| Records from a dataset |
____

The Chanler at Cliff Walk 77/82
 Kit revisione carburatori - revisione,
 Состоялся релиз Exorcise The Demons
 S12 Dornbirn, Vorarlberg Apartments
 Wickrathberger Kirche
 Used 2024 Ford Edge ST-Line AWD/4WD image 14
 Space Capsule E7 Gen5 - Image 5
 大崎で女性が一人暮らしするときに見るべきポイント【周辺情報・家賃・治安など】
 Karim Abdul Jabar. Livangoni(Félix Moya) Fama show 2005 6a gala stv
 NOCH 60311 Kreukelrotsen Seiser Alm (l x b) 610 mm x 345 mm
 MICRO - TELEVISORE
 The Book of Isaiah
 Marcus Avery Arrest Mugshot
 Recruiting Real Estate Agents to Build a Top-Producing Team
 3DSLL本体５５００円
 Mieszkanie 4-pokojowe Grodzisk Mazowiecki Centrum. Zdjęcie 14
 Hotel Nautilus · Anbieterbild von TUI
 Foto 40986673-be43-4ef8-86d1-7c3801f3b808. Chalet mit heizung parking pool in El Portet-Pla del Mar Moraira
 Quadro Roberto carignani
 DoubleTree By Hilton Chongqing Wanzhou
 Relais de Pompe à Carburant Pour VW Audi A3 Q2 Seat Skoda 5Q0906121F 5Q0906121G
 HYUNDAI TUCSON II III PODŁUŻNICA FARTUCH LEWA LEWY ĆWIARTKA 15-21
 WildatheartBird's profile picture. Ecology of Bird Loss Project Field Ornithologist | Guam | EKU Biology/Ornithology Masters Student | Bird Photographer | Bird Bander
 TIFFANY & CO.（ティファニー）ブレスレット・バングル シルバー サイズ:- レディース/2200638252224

____

| PROBLEM |
Set down the entries again, exactly as they stand above.

| YOUR RESPONSE |
The Chanler at Cliff Walk 77/82
 Kit revisione carburatori - revisione,
 Состоялся релиз Exorcise The Demons
 S12 Dornbirn, Vorarlberg Apartments
 Wickrathberger Kirche
 Used 2024 Ford Edge ST-Line AWD/4WD image 14
 Space Capsule E7 Gen5 - Image 5
 大崎で女性が一人暮らしするときに見るべきポイント【周辺情報・家賃・治安など】
 Karim Abdul Jabar. Livangoni(Félix Moya) Fama show 2005 6a gala stv
 NOCH 60311 Kreukelrotsen Seiser Alm (l x b) 610 mm x 345 mm
 MICRO - TELEVISORE
 The Book of Isaiah
 Marcus Avery Arrest Mugshot
 Recruiting Real Estate Agents to Build a Top-Producing Team
 3DSLL本体５５００円
 Mieszkanie 4-pokojowe Grodzisk Mazowiecki Centrum. Zdjęcie 14
 Hotel Nautilus · Anbieterbild von TUI
 Foto 40986673-be43-4ef8-86d1-7c3801f3b808. Chalet mit heizung parking pool in El Portet-Pla del Mar Moraira
 Quadro Roberto carignani
 DoubleTree By Hilton Chongqing Wanzhou
 Relais de Pompe à Carburant Pour VW Audi A3 Q2 Seat Skoda 5Q0906121F 5Q0906121G
 HYUNDAI TUCSON II III PODŁUŻNICA FARTUCH LEWA LEWY ĆWIARTKA 15-21
 WildatheartBird's profile picture. Ecology of Bird Loss Project Field Ornithologist | Guam | EKU Biology/Ornithology Masters Student | Bird Photographer | Bird Bander
 TIFFANY & CO.（ティファニー）ブレスレット・バングル シルバー サイズ:- レディース/2200638252224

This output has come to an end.